Entries provided.
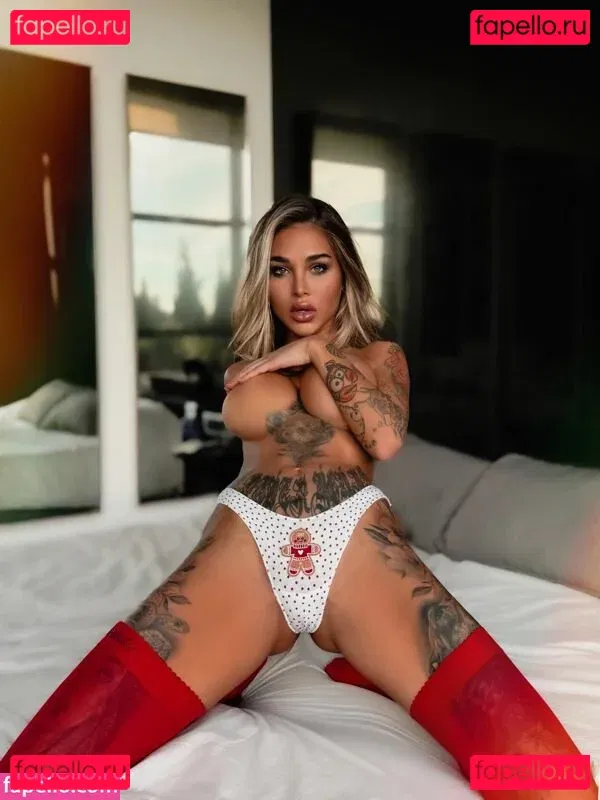 Elizabeth Definhy Onlyfans Photo Gallery 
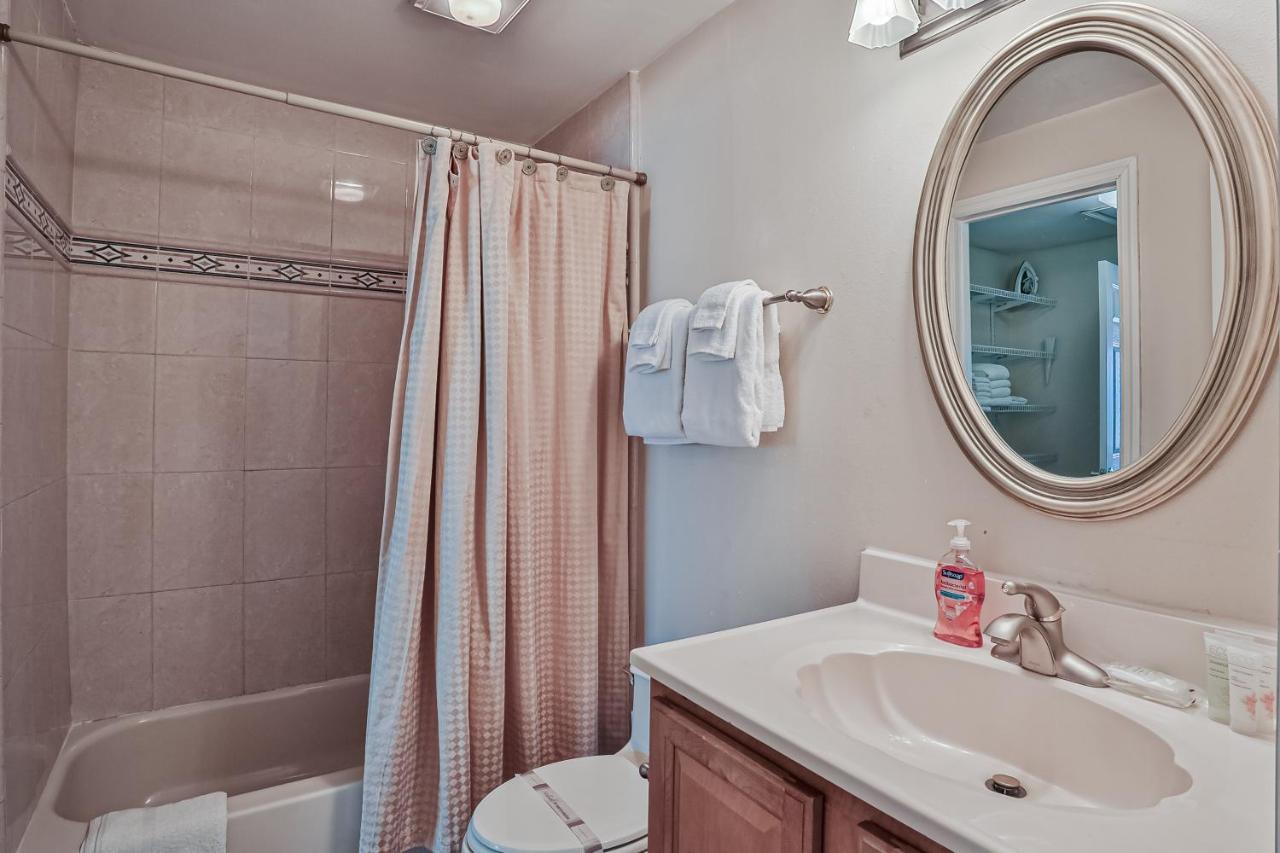 Four Winds Oceanfront Holiday home *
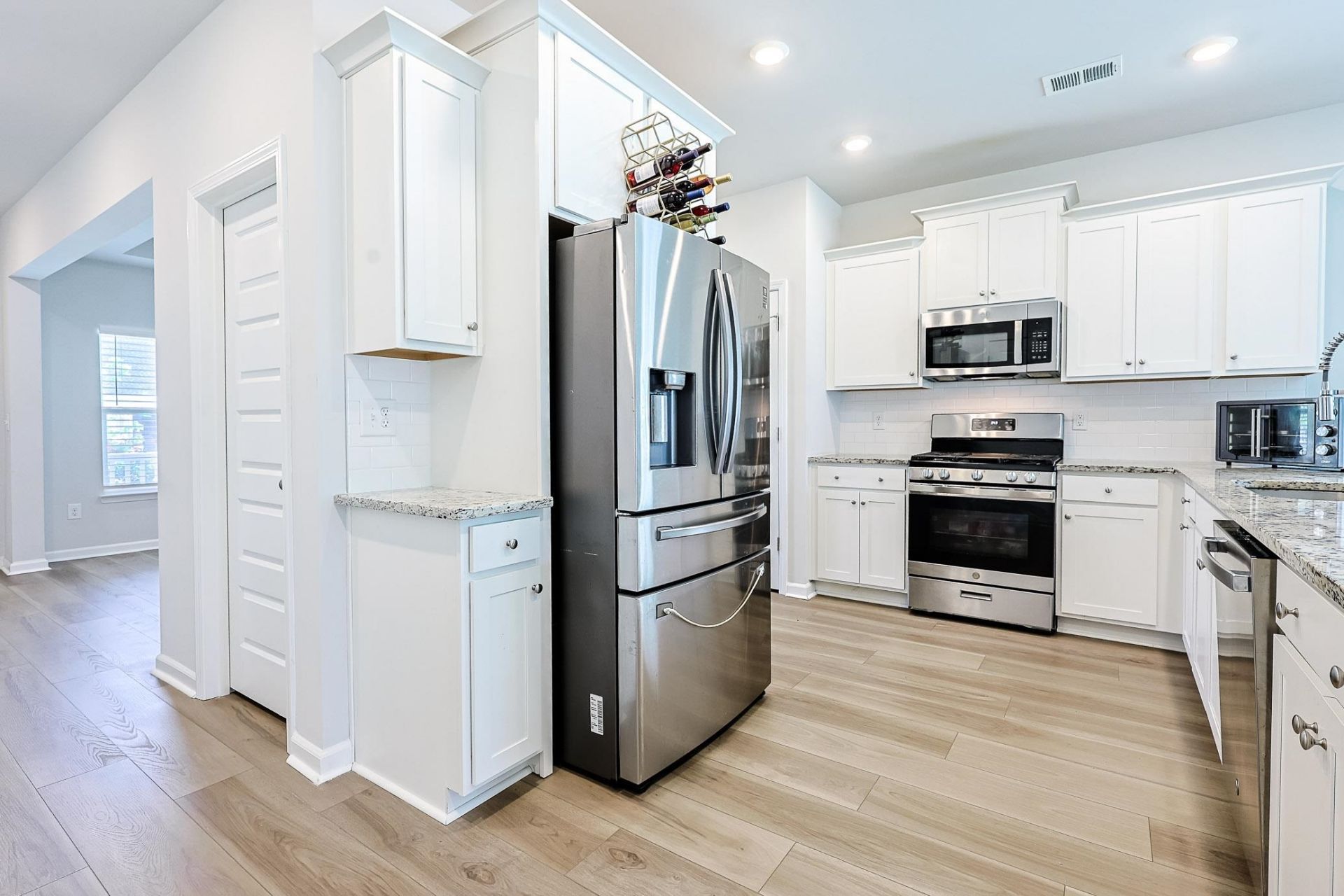 2035 Felicity Pl. Photo 8
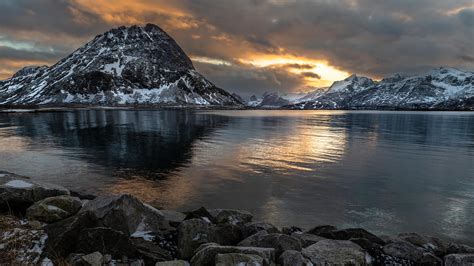 Danni Efraim Photography Northern Lights Over Lofoten
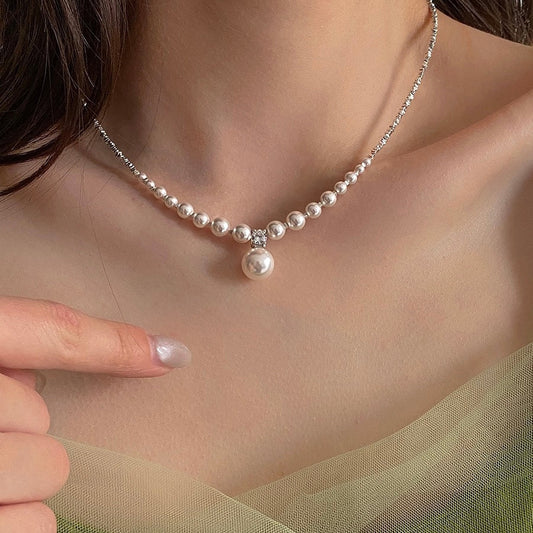 Niche design crushed silver pearl necklace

Exercise requirements. Find the line containing "Four Winds Oceanfront Holiday home *" in the records above, then copy it and every line after it exactly, through the last one, without any pictures.

Response below.
 Four Winds Oceanfront Holiday home *
 2035 Felicity Pl. Photo 8
 Danni Efraim Photography Northern Lights Over Lofoten
 Niche design crushed silver pearl necklace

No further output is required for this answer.